The authors of the book argue (on p. 887) that in academic prose "for example" is used six times more than "for instance". On page 890, they say that in many cases of "for example" and "for instance" are interchangeable; and later, on the same page, "the use of 'for instance' appears more a matter of author style".

My own findings based on the BASE and BAWE corpora: "for instance" - BASE 113.4 per million vs. BAWE 44.9 per million; "for example" - BASE 407.3 per million vs. BAWE 215.9 per million.

Anonymous said...

Was just about to contribute when I saw Marion's comment. In a student's point of view, I would use 'for instance' when referring to a situational context, such that it is in /THAT/ instance/moment, however, 'for example' to imply (concrete) noun examples. I would also believe (albeit statistically proven) that 'for example' is more formal, because its more polysyllabic while 'for instance' is more suited for spoken language. We use it more often in face-to-face conversations too.

Alex_linguist said...

I just came across a very interesting example, and I'm not so sure how to interpret it. In a video message (1:20-1:30), Prince Charles was about to say "for instance" but stopped short of saying it, corrected himself (why?) and said "for example" instead. The link is http://youtu.be/8zIKrVtMgyc

DC said...

Yes, it's an interesting switch.
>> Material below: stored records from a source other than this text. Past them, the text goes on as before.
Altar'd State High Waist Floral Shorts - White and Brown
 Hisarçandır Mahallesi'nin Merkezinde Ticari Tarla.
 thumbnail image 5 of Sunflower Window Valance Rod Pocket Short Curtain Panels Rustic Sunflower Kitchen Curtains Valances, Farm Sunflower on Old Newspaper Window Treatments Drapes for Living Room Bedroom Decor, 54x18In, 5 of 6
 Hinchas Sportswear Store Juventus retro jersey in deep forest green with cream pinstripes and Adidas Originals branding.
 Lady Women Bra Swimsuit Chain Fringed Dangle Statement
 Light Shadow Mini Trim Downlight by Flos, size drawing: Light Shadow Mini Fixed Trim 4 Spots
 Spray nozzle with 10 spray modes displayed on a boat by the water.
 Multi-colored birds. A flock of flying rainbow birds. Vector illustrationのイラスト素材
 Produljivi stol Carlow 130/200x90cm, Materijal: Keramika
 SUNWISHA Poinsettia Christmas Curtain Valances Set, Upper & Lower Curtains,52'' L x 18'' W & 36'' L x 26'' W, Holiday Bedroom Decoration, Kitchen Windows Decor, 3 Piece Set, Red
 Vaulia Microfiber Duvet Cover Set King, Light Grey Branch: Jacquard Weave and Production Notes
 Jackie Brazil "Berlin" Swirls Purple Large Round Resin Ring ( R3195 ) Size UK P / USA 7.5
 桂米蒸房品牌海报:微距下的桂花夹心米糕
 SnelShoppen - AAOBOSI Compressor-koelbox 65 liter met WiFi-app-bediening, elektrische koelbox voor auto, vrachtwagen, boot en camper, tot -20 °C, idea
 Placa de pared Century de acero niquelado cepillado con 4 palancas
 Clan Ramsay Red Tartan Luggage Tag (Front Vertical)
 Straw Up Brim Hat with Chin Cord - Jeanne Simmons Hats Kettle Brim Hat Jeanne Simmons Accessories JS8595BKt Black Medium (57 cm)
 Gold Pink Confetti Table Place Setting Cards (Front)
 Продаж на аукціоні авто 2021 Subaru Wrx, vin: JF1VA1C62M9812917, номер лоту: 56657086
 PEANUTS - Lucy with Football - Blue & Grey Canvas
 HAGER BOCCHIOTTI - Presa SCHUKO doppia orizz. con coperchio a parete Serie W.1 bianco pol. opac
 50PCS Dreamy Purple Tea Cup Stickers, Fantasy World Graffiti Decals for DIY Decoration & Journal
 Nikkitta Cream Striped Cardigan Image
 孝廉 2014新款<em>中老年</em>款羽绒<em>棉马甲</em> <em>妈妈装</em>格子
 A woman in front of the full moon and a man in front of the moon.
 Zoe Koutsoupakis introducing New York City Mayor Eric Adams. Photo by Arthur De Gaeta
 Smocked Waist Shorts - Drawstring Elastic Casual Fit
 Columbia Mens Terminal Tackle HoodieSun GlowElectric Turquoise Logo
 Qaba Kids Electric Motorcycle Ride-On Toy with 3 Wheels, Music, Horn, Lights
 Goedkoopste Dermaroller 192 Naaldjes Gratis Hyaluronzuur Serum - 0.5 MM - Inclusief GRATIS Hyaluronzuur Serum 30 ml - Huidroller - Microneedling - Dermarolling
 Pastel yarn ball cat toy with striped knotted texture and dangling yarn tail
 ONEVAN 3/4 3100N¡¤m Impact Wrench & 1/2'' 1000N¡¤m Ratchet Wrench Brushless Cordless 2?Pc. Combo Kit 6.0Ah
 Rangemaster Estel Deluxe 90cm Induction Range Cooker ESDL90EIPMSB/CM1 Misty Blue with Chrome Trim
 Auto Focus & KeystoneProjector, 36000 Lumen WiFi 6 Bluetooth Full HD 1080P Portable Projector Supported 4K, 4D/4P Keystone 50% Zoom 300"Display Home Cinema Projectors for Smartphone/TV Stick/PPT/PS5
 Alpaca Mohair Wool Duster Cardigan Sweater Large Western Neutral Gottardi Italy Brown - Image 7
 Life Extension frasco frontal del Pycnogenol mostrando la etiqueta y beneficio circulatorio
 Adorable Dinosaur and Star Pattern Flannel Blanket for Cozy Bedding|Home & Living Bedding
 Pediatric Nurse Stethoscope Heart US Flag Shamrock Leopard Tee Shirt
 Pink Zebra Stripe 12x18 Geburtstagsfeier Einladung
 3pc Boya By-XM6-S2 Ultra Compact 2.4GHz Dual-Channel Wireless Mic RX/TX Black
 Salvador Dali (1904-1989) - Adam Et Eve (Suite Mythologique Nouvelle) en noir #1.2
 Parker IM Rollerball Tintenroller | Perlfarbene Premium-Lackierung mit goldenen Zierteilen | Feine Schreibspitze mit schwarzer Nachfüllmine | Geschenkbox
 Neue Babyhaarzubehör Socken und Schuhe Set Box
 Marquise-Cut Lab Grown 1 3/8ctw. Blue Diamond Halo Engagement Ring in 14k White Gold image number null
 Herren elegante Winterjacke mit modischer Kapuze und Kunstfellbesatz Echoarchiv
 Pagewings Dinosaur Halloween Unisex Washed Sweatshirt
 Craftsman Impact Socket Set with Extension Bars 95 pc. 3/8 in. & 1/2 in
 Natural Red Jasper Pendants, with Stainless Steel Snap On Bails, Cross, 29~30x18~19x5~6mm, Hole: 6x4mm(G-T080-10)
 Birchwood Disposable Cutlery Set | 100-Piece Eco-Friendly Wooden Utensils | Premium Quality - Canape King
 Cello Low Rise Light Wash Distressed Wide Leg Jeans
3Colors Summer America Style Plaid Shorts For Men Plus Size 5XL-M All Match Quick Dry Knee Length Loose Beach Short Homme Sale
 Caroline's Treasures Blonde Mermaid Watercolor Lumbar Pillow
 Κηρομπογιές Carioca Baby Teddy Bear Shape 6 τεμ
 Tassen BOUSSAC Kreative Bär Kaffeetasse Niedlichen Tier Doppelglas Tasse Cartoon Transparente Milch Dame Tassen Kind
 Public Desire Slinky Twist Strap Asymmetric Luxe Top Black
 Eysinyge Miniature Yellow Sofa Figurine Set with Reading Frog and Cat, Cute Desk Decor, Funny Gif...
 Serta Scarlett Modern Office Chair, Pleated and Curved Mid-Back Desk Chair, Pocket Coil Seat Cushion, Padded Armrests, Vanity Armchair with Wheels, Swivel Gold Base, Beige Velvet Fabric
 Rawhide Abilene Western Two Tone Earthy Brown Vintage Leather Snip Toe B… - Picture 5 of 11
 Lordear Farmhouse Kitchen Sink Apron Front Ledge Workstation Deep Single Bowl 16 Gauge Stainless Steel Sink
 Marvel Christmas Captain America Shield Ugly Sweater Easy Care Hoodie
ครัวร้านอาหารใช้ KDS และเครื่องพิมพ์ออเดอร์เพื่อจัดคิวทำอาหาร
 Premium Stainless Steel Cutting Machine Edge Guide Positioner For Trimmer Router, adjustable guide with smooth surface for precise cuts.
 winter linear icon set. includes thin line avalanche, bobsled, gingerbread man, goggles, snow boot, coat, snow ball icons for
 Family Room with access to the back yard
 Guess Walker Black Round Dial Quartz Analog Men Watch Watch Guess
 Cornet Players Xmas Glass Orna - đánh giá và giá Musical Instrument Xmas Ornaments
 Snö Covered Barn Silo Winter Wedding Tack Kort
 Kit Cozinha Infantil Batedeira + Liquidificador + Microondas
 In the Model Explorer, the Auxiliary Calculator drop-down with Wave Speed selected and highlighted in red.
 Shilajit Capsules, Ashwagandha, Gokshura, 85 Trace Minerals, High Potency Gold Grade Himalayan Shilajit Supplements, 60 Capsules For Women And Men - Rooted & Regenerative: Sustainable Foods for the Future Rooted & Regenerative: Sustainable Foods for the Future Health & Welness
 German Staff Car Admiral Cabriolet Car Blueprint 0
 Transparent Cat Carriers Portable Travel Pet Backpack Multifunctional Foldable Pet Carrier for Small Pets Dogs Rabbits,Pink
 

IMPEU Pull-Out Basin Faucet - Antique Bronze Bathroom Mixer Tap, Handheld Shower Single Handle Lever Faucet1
Well spotted. His norm (heard later in the piece is evidently 'for example',so it's likely he had 'example' in his script. He was reading this from an autocue, but his eye movements show he was looking at a written script as well. He looks down just before the switch from 'instance' to 'example'. My guess is that he saw the point of comparison (the rain forests) in his written text and thought it was the only point of comparison, which would motivate 'instance'; but on returning to his autocue realized there was more than one such point, and that he should have said 'example'.

pierre said...

To me, "for instance" has to do with something that really happened in the physical world (I am clumsy. For instance, I dropped my sandwich last night.) and "for example" has to do with hypothetical situations or arguments (Everything has to have a cause. For example, eggs hatch only because their mother sits on them.) I know there's really no right or wrong about this, but that's how I've always come to believe.

Gunnar said...

Very interesting discussion for an English to Swedish translator. In Swedish with 20% less words than in English this luxury doesn't exist.

Deutsch √úbersetzer Berlin said...

Now finally I found out the differece too, that actually there is no difference. Thanks for the info provided in these comments!

Douglas Carnall said...

I've now had the opportunity to play with the British National Corpus (which incorporates transcribed speech) and have some hard data to back my intuition above:
You're welcome!
Best wishes,

DC said...

And the figures are well worth a look. Many thanks for the amplification.